##### Entries provided

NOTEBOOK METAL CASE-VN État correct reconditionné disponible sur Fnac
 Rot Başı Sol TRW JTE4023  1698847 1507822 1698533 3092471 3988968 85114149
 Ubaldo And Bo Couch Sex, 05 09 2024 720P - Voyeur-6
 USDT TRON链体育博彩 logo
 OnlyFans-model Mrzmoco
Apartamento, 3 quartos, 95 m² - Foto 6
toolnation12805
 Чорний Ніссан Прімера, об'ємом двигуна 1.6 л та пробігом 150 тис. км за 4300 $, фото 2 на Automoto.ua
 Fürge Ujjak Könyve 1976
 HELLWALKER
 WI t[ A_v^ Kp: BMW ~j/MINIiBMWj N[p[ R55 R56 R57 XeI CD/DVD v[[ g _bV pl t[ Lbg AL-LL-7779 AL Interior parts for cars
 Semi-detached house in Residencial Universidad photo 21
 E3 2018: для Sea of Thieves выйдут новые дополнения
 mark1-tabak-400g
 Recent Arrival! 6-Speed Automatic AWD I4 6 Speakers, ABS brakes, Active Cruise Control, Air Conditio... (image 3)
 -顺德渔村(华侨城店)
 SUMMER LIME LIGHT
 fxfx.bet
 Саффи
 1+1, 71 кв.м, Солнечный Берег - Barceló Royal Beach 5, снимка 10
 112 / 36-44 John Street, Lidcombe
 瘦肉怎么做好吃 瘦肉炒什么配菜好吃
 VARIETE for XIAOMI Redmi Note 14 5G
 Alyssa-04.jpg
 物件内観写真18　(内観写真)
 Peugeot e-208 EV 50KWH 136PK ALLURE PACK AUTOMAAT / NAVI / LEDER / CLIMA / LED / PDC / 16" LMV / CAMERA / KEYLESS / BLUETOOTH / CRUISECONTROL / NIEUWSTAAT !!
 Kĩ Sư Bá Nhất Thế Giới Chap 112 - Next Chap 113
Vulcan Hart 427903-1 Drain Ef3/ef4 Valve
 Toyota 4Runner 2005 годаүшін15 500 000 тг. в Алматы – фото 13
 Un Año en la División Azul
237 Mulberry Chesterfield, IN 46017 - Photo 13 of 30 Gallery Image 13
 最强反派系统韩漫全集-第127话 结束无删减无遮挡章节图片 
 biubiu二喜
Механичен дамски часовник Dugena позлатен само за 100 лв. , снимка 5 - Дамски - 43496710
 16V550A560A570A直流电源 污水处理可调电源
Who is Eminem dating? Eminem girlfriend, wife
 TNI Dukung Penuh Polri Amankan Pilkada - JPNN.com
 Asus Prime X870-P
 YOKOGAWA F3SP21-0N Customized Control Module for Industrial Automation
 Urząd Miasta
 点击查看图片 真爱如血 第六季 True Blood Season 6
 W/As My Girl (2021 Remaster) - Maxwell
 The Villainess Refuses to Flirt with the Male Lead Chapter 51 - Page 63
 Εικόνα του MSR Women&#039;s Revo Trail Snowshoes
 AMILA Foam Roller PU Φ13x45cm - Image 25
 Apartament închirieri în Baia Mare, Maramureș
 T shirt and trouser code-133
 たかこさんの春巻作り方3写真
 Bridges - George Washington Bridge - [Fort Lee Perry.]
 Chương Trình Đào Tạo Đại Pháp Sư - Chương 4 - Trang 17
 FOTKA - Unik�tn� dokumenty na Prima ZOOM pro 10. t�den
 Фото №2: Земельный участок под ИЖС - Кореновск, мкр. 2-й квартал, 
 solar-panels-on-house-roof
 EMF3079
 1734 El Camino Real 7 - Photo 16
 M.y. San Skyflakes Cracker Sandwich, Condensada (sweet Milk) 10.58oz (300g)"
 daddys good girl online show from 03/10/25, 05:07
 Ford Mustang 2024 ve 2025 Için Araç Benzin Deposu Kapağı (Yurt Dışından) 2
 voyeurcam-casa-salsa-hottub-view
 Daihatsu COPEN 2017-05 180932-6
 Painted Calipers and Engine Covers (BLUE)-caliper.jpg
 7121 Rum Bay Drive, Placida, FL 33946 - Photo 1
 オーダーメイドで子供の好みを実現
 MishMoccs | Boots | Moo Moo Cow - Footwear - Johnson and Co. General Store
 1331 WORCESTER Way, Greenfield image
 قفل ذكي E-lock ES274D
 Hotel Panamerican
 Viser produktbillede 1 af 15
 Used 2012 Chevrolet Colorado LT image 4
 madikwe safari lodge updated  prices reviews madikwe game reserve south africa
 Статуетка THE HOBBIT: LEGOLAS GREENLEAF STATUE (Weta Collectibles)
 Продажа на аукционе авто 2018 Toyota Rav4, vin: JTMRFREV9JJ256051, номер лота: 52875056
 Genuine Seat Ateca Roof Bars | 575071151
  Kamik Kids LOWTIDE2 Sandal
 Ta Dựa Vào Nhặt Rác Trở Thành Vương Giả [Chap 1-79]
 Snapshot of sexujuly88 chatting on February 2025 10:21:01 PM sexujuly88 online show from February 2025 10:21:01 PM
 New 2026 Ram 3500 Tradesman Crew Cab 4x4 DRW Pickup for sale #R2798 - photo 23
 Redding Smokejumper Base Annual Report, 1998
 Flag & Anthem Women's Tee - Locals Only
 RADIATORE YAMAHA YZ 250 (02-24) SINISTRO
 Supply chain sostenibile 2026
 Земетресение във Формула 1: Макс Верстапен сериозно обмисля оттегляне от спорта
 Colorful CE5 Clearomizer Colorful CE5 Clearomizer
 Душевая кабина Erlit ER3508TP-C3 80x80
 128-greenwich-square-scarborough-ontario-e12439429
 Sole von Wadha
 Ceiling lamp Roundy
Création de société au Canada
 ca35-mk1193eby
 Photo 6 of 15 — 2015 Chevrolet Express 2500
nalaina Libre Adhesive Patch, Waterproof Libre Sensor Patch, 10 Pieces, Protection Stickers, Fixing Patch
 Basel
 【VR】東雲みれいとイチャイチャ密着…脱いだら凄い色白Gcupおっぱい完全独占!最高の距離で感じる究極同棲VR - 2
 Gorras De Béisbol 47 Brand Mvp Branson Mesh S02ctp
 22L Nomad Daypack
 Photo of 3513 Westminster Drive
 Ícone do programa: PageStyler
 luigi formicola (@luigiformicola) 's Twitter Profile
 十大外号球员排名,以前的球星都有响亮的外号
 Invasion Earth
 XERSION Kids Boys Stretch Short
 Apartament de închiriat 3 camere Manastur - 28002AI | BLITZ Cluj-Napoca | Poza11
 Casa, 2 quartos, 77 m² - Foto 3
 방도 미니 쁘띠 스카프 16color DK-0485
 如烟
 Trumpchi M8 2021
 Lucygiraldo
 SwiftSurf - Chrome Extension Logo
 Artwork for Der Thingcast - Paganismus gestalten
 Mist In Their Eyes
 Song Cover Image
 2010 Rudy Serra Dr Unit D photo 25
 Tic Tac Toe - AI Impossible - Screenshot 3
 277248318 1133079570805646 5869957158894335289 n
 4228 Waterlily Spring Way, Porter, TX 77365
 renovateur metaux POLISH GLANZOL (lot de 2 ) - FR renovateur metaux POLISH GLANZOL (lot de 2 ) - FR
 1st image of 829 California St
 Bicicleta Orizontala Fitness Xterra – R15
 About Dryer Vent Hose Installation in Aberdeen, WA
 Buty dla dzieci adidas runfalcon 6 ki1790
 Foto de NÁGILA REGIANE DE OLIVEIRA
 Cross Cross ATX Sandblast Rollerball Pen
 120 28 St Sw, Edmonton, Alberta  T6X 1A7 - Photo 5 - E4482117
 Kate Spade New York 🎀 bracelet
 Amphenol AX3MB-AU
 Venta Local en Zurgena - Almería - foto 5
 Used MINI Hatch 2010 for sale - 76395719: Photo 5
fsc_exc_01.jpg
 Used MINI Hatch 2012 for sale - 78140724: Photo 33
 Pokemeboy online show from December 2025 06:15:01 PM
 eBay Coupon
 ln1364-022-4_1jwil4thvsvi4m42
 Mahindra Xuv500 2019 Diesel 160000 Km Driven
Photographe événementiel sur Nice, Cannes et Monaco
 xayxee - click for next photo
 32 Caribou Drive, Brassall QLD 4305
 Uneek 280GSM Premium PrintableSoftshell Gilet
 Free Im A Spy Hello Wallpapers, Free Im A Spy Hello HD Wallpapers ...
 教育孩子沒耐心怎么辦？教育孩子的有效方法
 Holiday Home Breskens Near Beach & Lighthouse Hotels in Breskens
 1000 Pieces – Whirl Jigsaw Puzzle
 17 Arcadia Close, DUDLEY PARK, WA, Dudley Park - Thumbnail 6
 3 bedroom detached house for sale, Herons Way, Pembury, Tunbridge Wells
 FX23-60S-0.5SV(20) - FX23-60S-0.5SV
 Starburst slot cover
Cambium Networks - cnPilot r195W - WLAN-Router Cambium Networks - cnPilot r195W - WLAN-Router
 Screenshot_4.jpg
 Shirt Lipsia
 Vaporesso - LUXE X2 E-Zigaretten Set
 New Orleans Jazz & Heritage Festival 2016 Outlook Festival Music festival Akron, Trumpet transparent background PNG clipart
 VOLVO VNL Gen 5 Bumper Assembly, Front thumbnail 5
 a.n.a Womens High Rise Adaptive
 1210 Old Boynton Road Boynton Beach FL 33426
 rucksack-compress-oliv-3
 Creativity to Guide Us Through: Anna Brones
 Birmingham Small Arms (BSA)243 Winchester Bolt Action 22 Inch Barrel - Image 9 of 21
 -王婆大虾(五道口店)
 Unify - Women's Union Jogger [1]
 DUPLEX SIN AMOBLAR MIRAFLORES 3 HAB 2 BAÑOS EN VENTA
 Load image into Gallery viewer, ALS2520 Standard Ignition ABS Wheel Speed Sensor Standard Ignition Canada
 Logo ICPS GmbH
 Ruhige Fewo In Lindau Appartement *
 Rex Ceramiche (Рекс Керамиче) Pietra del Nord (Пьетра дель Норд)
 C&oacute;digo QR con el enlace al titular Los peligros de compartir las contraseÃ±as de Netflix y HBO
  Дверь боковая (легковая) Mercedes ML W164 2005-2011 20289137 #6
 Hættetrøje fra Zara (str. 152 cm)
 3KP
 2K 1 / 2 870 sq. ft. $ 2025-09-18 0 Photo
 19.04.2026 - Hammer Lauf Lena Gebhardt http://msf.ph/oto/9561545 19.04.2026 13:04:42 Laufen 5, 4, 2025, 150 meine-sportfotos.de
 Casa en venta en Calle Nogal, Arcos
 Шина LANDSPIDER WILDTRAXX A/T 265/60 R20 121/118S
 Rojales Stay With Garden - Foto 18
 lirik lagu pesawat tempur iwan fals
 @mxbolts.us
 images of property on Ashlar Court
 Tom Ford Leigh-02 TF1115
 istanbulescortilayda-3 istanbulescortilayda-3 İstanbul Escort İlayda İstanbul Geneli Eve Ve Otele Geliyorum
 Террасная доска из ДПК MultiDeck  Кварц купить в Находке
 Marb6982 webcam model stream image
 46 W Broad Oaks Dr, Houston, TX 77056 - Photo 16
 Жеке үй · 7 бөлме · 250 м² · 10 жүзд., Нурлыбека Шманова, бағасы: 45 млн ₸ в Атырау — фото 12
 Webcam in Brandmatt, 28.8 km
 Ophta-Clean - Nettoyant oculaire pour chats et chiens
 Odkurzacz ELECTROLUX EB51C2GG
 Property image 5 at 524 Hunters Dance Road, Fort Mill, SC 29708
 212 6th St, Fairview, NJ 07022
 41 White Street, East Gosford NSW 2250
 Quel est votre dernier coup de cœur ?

##########

[Task instructions] An exact repetition of the material above is required, from its first line through the line holding "The Villainess Refuses", with nothing added.

[Solution to this problem]
NOTEBOOK METAL CASE-VN État correct reconditionné disponible sur Fnac
 Rot Başı Sol TRW JTE4023  1698847 1507822 1698533 3092471 3988968 85114149
 Ubaldo And Bo Couch Sex, 05 09 2024 720P - Voyeur-6
 USDT TRON链体育博彩 logo
 OnlyFans-model Mrzmoco
Apartamento, 3 quartos, 95 m² - Foto 6
toolnation12805
 Чорний Ніссан Прімера, об'ємом двигуна 1.6 л та пробігом 150 тис. км за 4300 $, фото 2 на Automoto.ua
 Fürge Ujjak Könyve 1976
 HELLWALKER
 WI t[ A_v^ Kp: BMW ~j/MINIiBMWj N[p[ R55 R56 R57 XeI CD/DVD v[[ g _bV pl t[ Lbg AL-LL-7779 AL Interior parts for cars
 Semi-detached house in Residencial Universidad photo 21
 E3 2018: для Sea of Thieves выйдут новые дополнения
 mark1-tabak-400g
 Recent Arrival! 6-Speed Automatic AWD I4 6 Speakers, ABS brakes, Active Cruise Control, Air Conditio... (image 3)
 -顺德渔村(华侨城店)
 SUMMER LIME LIGHT
 fxfx.bet
 Саффи
 1+1, 71 кв.м, Солнечный Берег - Barceló Royal Beach 5, снимка 10
 112 / 36-44 John Street, Lidcombe
 瘦肉怎么做好吃 瘦肉炒什么配菜好吃
 VARIETE for XIAOMI Redmi Note 14 5G
 Alyssa-04.jpg
 物件内観写真18　(内観写真)
 Peugeot e-208 EV 50KWH 136PK ALLURE PACK AUTOMAAT / NAVI / LEDER / CLIMA / LED / PDC / 16" LMV / CAMERA / KEYLESS / BLUETOOTH / CRUISECONTROL / NIEUWSTAAT !!
 Kĩ Sư Bá Nhất Thế Giới Chap 112 - Next Chap 113
Vulcan Hart 427903-1 Drain Ef3/ef4 Valve
 Toyota 4Runner 2005 годаүшін15 500 000 тг. в Алматы – фото 13
 Un Año en la División Azul
237 Mulberry Chesterfield, IN 46017 - Photo 13 of 30 Gallery Image 13
 最强反派系统韩漫全集-第127话 结束无删减无遮挡章节图片 
 biubiu二喜
Механичен дамски часовник Dugena позлатен само за 100 лв. , снимка 5 - Дамски - 43496710
 16V550A560A570A直流电源 污水处理可调电源
Who is Eminem dating? Eminem girlfriend, wife
 TNI Dukung Penuh Polri Amankan Pilkada - JPNN.com
 Asus Prime X870-P
 YOKOGAWA F3SP21-0N Customized Control Module for Industrial Automation
 Urząd Miasta
 点击查看图片 真爱如血 第六季 True Blood Season 6
 W/As My Girl (2021 Remaster) - Maxwell
 The Villainess Refuses to Flirt with the Male Lead Chapter 51 - Page 63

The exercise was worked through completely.